## What the exercise asks:
Write out the data word for word, taking care that no picture is carried over.

## Data shown:

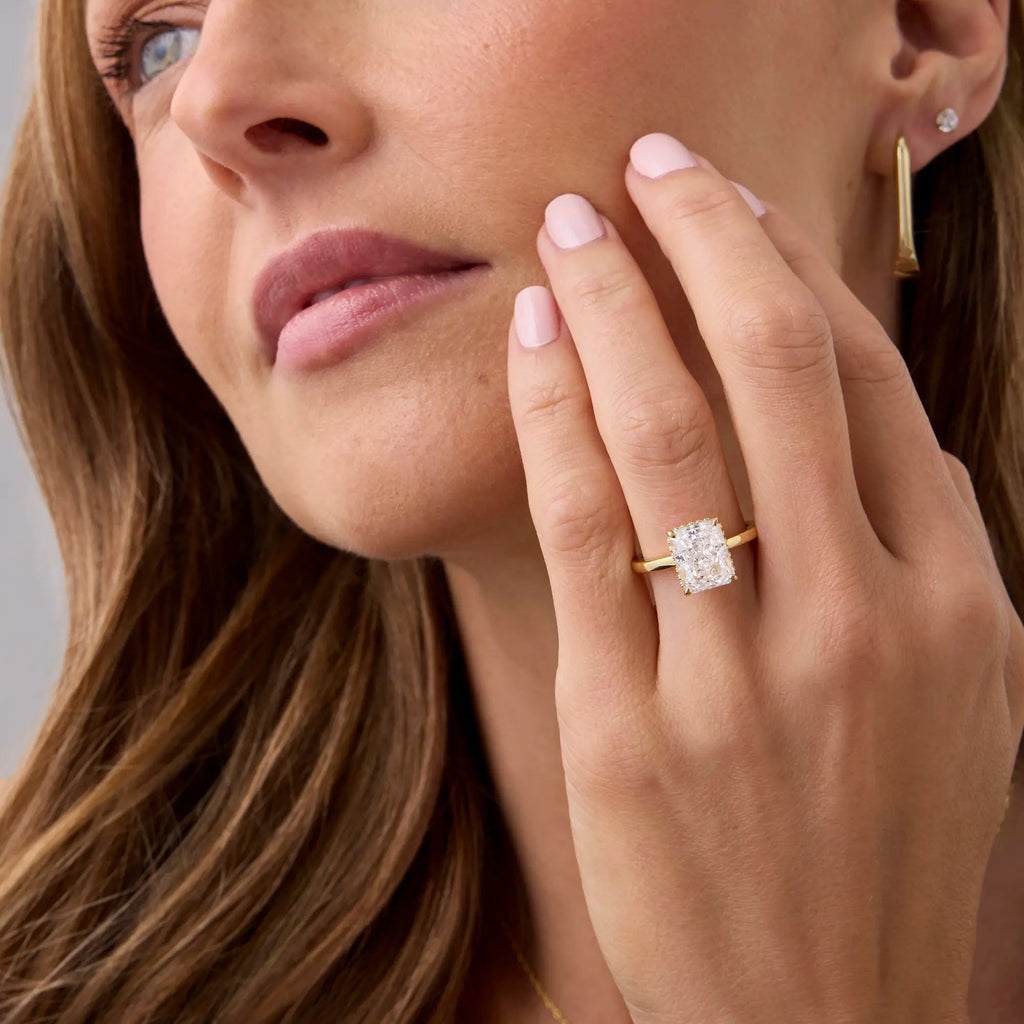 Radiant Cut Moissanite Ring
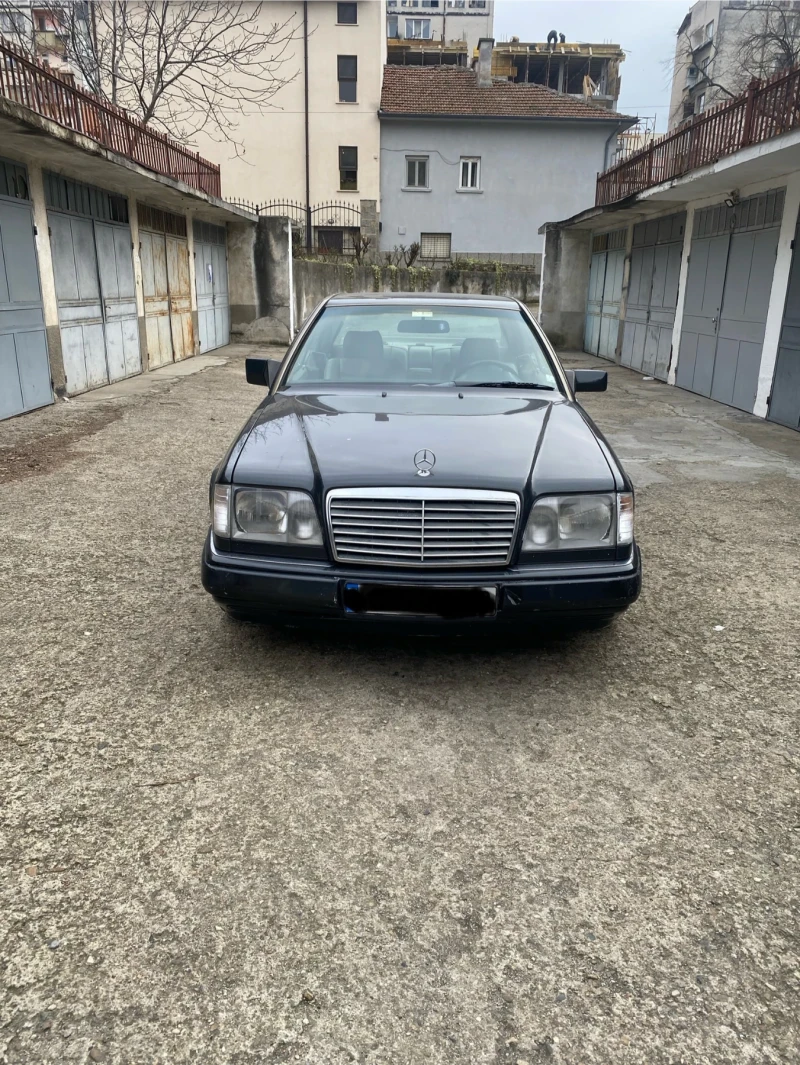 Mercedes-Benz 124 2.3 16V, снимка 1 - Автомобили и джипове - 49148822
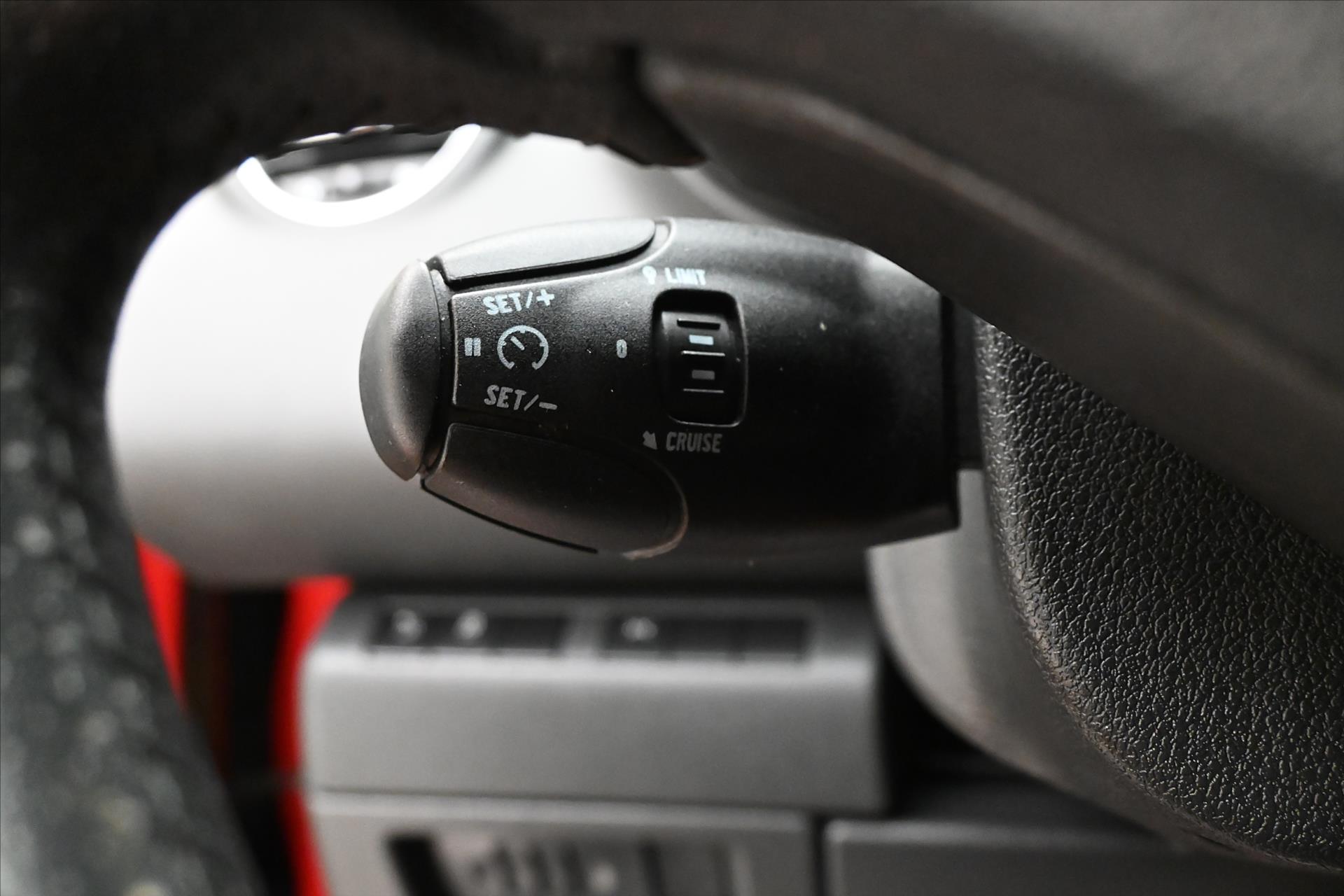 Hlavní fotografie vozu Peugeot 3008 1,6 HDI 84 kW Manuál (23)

## Solution:
 Radiant Cut Moissanite Ring
 Mercedes-Benz 124 2.3 16V, снимка 1 - Автомобили и джипове - 49148822
 Hlavní fotografie vozu Peugeot 3008 1,6 HDI 84 kW Manuál (23)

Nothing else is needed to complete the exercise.